10/29/2004:
Today, we’re bringing you a variety of stories from around the state in the fall of 1914. Here’s a bit of trivia from a Towner County newspaper: “For every five square miles of plowing you travel 2,500 miles. That’s equal to a single furrow all the way around the earth. Getting enough wheat for a loaf of bread requires a furrow fifty feet long.”
Back in the days of plowing with horses, it was said a man could plow a furrow one mile long by noon. Then he’d turn around and plow a furrow next to it in time to be home for supper. And we think we’ve got it bad!
Turning our attention to the 1914 hunting season, the editor of the Milton Globe, E.L. Peterson, also happened to be a Game Warden that year. A newspaper article stated, “Mr. Peterson is a game warden and is taking a respite from his newspaper duties to keep a ‘weather’ eye on ‘sooners’...To make it more hazardous for those who do not obey the law, Mr. Peterson states that he will change territory with other game wardens occasionally so that the sly violator who thinks he has left the neighborhood may be unexpectedly nabbed by a strange warden. Mr. Peterson (states that) those who stop and shoot from an automobile will be arrested and if you have a game bird in your auto you can’t get off with the excuse that you ran over it with your machine...You must hunt on your own land if you have no license and the law does not allow you even the adjoining highway for hunting ground.”
Up in Towner County, a story ran, “Someone stole a coat belonging to Steve Williams which had been left hanging in the barn back of the meat market. Mr. Williams’ hunting license and other papers were in the pocket of the coat and he misses these more than the coat, which was an old one used when hunting.”
A story out of Rock Lake said that George Shireman, an eye doctor from Saskatchewan, traveled to Rock Lake, late in the summer of 1914, to look after his farming interests there. On his way back to his farm in Canada, he decided to go hunting for prairie chickens with a friend – also a doctor. A chicken flew up from some brush and Mr. Shireman’s companion shot at it. He hit the chicken, but he also hit Dr. Shireman, who was on the other side of the bushes. In a tragic ironic twist, the optician lost his right eye in the accident.

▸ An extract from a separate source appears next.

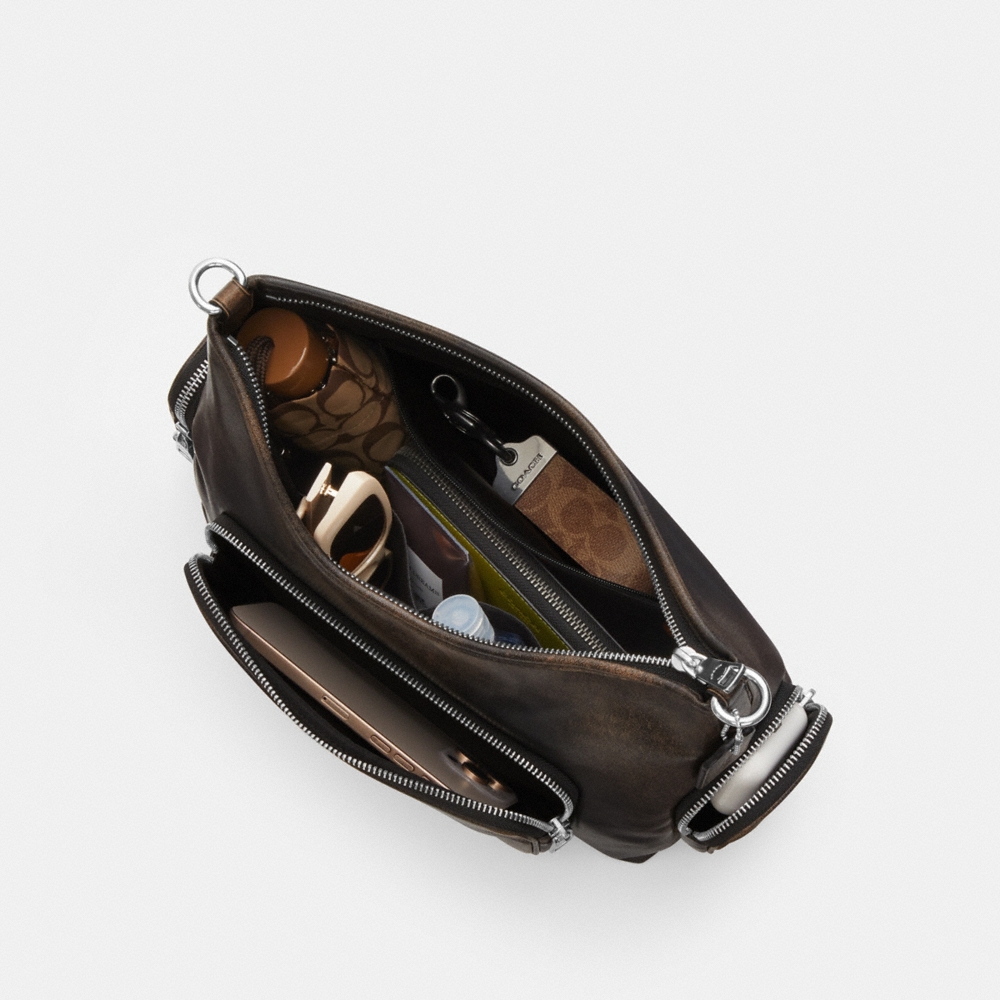 Coach Outlet Laurel Shoulder Bag With Pockets In Loved Leather - Preorder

Up in Starkweather, Dr. W. J. Brownlee was walking down the street carrying a gun he had loaned to a friend during hunting season, 1914. As a thank-you, the friend had given Brownlee some prairie chickens he shot. Game Warden W.E. McCull spotted Brownlee and demanded to see his hunting license. Brownlee told him the circumstances, but said if the warden would like to accompany him, he had a license at home. McCull refused and told Brownlee to hand over his gun and chickens. Brownlee turned around and asked McCull to show him his credentials, which McCull happened to have left behind at his house, that day, too. In the argument that followed, McCull hit Dr. Brownlee, and the doctor sued the warden for assault and battery.

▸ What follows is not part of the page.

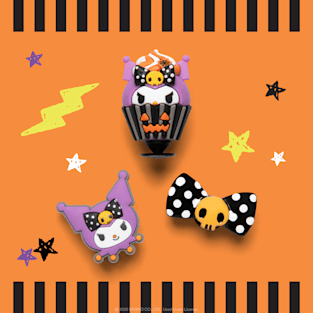 Crocs Collectibles Sanrio® Halloween 3 Pack Jibbitz™ Charms Blind Box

Also in Towner County, a story came out, reading, “Everett Lawler had an exciting experience while hunting chickens Tuesday. When he pulled the trigger of the gun to bring down a stray hen, the magazine exploded and Everett narrowly escaped without a scratch. The magazine of the gun was full of shells and it is probable that every one of these exploded. The force of the explosion was so great that the magazine has not come down yet.”